Cette mère si ardemment résolue, ce fils si impétueux, allaient devenir, l’une la grand-mère, l’autre le père de la Marquise de Sévigné. Le brillant Celse-Bénigne, qui coûta encore beaucoup d’autres larmes à sa mère, épousa, en effet, en 1623, Marie de Coulanges, et de cette union naquit, le 5 février 1626, la petite Marie de Rabutin.

Sans vouloir tout expliquer par l’hérédité, et sans négliger le facteur éducation, comment ne pas voir dans cette ascendance bourguignonne, faite de généreux enthousiasme et de tranquille bon sens, les sources de ces dons qui s’équilibrent chez Mme de Sévigné en une harmonieuse synthèse.
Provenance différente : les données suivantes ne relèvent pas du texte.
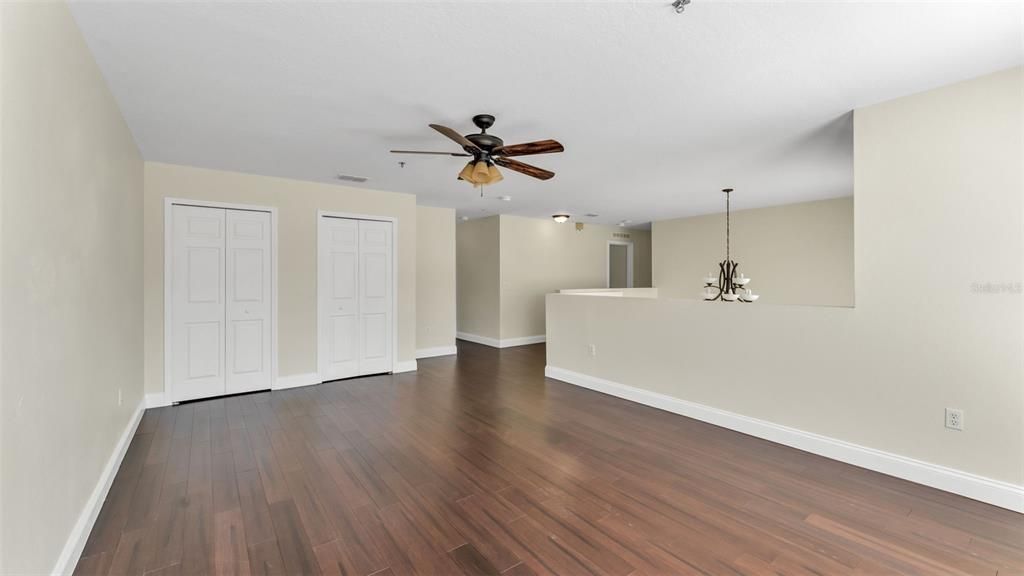 待售: $475,000 (6 贝兹, 4 浴室, 3976 平方英尺)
Les lettres les plus connues de la Marquise ne sont pas forcément les plus belles ni les plus riches en pensées profondes, et c’est parmi celles qui n’ont pas été jugées dignes d’être retenues par les littérateurs qu’on découvre un véritable trésor ignoré de beaucoup, et que des catholiques sont heureux et fiers de mettre au jour. Celle dont on a pu dire qu’« elle eût pensé contrarier le dessein de la Providence en se retirant d’un monde qu’elle charmait par son esprit et par sa bonté, sans y scandaliser personne », faisait preuve, quoi qu’il lui en coûtât, d’une telle soumission à la volonté de Dieu que ses réflexions à ce sujet constituent un véritable petit traité sur la « Parfaite résignation aux décrets de la Providence ». Aux épithètes de femme du monde, de brillante épistolière, qu’on est convenu de lui décerner, on peut ajouter, sans crainte d’être démenti, celle de grande chrétienne. Elle sut, au milieu du monde brillant et vain où elle évoluait, conserver intactes ses croyances et en imprégner sa vie en digne petite-fille de son illustre et sainte aïeule.

 

 

 

 

Yvonne PIRAT.

 

Paru dans La vie spirituelle en 1936.

 

 

 

 

 

 

 


1 La petite-fille d’une grande sainte, Madame de Sévigné – Sa spiritualité, par Yvonne Pirat. Préface par le B. P. Yves de la Brière, S. J. Avignon, Aubanel père, 1936. Un volume orné d’un portrait, 233 p.